I lurk and read more than I post. Once we get our OB, hopefully in Spring next year, I will be doing much much more posting.

and Outbacker Contributor will be coming soon.







Gotta sell a house first.


----------



## RizFam (Feb 25, 2006)

What are you waiting for? GO GET THAT OUTBACK & get to a Rally









Tami


----------



## PDX_Doug (Nov 16, 2004)

Congratulations Dupper!

But, hey, you don't have to wait until you are an owner to start posting more. Come on in and join the fun!









Happy Trails,
Doug


----------



## Dupper (Jul 19, 2006)

Waiting for money, sadly. We took on a very big house rehab project before the market went south. It has been on the market since Memorial Day and just waiting for it to sell. It is practically a brand new house now, roof, windows, siding, garage doors, flooring (carpet, laminate, tile) new kitchen, new baths, new handrails. etc....


----------



## campmg (Dec 24, 2005)

Good luck with your house sale. Sounds like you've done a lot of nice work to it.
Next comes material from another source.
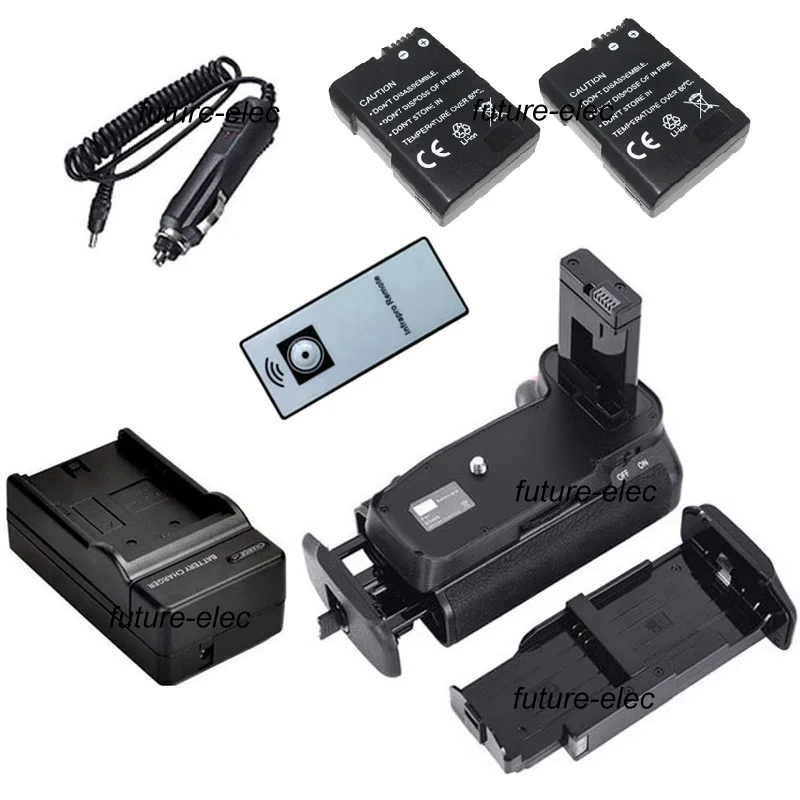 Ручка для аккумулятора с вертикальным затвором ручная ручка камеры Nikon D3400 as MB-D3400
Some members had over 1,000 posts before spending one night in their Outback. Keep reading and posting.


----------



## Dupper (Jul 19, 2006)

We started rehabbing houses in 2004 as a way to keep the DW home with the kiddos. She was a teacher, now a full time mommy and she is loving it. Even though the market is horrible, we will be buying more. I really enjoy doing that stuff. This is our 4th house, and I have learned a ton and got a bunch of tools.









I will take you up on the posting more, and try and be as helpful as I can.


----------



## Scrib (Jun 28, 2005)

I'm buying a house - do you think Vern would send my money back?


----------



## mswalt (Sep 14, 2004)

Hey, Dupper,

The problem is the house you're trying to sell is in MISSOURI!

Seriously, I wish you the best.

BTW, you don't have to contribute any set amount to be an contributor to Outbackers.

Hang around (or lurk, if you prefer) but post, too.

Mark


----------



## HootBob (Apr 26, 2004)

Congrats Dupper on hitting member status
Yes post more and join in the fun
The camper will be here before you know it

Don


----------